There have been a few other instances where I have been able to predict certain events and products, so I have been trying to understand why that happens.
Is it a way of absorbing information and does one start seeing patterns in disparate fields? Does that make one speak metaphorically?
Most importantly, is being prescient about certain things good or bad? Can it result in the design or a product that is ahead of its time? That may not be good if the market takes too long to catch on, or change its habits, and adapt to the new product.
Timing is a tricky thing, whether it is timing the stock market or timing the birth of a product.
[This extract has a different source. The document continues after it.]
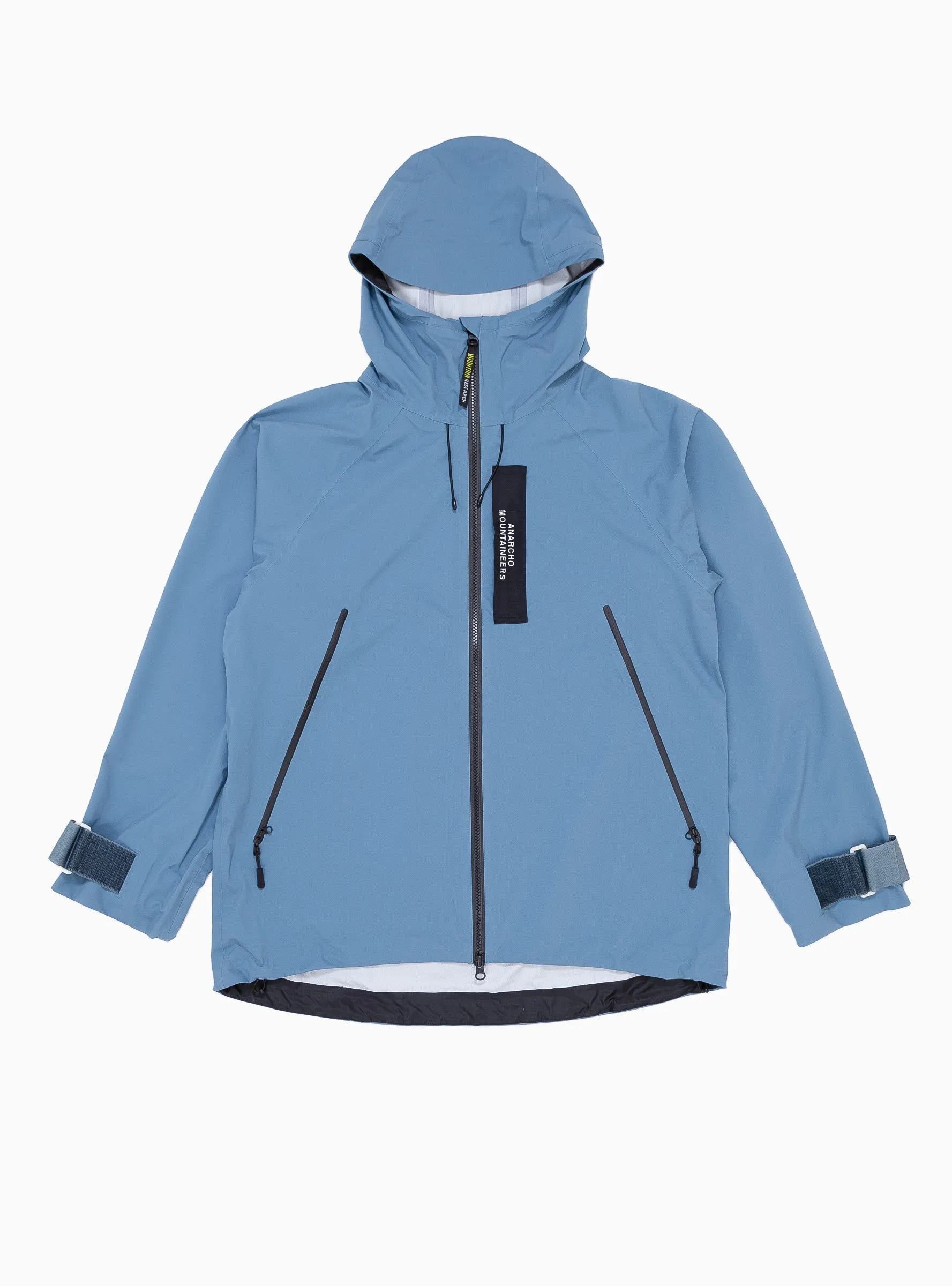 I.D. Parka Blue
Does being prescient take away an ability to live with a sense of wonderment? Does a habit to seek patterns while reading something lead to over-thinking or scattered thinking? Does being prescient feed 'told-you-so' conversations? Does prescience pave the way for schadenfreude, especially under the cover of anonymity on the Internet? How does one avoid these traps?
The good news is prescience comes with guardrails. It does not work consistently. The word 'prescience' has the word 'science' within, but it is art.
Prescience is probably the same as identifying patterns and extrapolating results. Prescience is probably how wisdom manifests.
Therein lie answers to the question of how one develops prescience.
Absorb information from all possible sources and do it consistently for a long time, not because you are paid to do it or because you have to pass an exam. Read, watch, experience things and learn. Do it out of curiosity. Learn from history. With the passage of time, we might find ourselves becoming more and more prescient, and certainly getting older and wiser. Wisdom may be another way to describe prescience. That may explain why only elders are able to engage in 'told-you-so' behaviors with abandon.
This was a warm-up blog post for future essays exploring and observing the world and life.